JAKARTA. Ada kabar baik bagi para pelaku industri. Pekan ini pemerintah akan melakukan evaluasi mengenai penetapan bea masuk (BM) impor untuk mesin. Sebab kalangan pelaku industri menilai pengenaan BM impor mesin itu akan bisa menghambat daya saing industri.

Menteri Perindustrian MS Hidayat mengatakan, pengenaan bea masuk impor atas bahan baku maupun barang modal untuk industri termasuk mesin sehartusnya mampu melindungi industri nasional. "Kebijakan bea masuk harus bisa memperbaiki daya saing nasional," ujar Hidayat, seusai rapat kerja bidang perekonomian di Jakarta Senin (17/1).

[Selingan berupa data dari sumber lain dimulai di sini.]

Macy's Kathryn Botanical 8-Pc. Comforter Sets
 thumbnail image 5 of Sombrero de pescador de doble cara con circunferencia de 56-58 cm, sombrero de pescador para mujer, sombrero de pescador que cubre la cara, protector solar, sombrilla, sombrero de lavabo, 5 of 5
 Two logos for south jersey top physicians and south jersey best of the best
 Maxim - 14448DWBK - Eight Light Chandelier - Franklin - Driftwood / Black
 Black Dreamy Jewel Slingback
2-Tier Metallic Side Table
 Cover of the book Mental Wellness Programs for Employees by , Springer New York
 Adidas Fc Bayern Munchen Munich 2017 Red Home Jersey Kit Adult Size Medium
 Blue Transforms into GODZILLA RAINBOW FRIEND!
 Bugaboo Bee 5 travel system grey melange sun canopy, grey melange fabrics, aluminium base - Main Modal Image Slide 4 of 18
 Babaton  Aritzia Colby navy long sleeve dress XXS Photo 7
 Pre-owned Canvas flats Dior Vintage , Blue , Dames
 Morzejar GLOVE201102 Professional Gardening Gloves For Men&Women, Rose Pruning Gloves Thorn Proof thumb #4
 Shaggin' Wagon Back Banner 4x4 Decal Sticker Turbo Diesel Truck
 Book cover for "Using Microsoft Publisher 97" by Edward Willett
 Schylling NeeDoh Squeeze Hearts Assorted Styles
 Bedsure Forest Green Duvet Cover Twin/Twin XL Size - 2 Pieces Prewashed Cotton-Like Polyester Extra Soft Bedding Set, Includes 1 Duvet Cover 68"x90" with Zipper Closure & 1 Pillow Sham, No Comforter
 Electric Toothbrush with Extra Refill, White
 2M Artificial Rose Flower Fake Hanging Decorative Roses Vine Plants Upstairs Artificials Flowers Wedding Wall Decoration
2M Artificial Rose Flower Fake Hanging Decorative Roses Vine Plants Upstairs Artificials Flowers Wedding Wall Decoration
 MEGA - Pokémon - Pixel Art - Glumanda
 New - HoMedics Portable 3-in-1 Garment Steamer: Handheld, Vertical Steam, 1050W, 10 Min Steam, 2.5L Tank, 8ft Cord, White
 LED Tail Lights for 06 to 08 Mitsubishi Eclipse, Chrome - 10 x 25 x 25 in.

Selain itu, kebijakan BM impor mesin itu menurut Hidayat harus mampu menambah menambah pendapatan negara. Dengan pertimbangan ini, Hidayat mengatakan kebijakan BM impor untuk bahan baku non pangan akan divaluasi kembali dan dibahas mengenai perubahannya.


Catatan saja, sebelumnya pemerintah telah menetapkan bea masuk impor untuk mesin industri sekitar 5% - 10%. Aturan ini dituangkan dalam Peraturan Menteri Keuangan (PMK) No 241 tahun 2010 yang berlaku sejak tanggal diterbitkan 22 Desember 2010. PMK ini mengatur mengenai bea masuk sekitar 2.164 produk mesin dan bahan baku.

Salah satu industri yang terpukul akibat kenaikan bea masuk impor ini adalah indsutri Tekstil dan Produk Tekstil (TPT). Wajar saja, saat ini industri ini tengah melakukan porgram restrukturisasi mesin untuk melakukan peremajaan mesin. Langkah ini dilakukan untuk bisa menambah efisiensi industri sehingga bisa mendongkrak daya saingnya.

Sebelumnya, Ketua Umum Asosiasi Pertekstilan Indonesia (API) Ade Sudrajat Usman mengatakan penerapan bea masuk ini akan berdampak serius terhadap industri TPT. Pasalnya, selama ini tingkat ketergantungan industri TPT nasional terhadap mesin impor masih cukup tinggi. Ia mencontohkan, tahun 2010 lalu saja, total impor mesin industri TPT mencapai US$ 5 miliar. "Pengenaan bea masuk untuk bahan baku ini bisa merusak struktur harga dari hulu ke hilir," ujar Ade.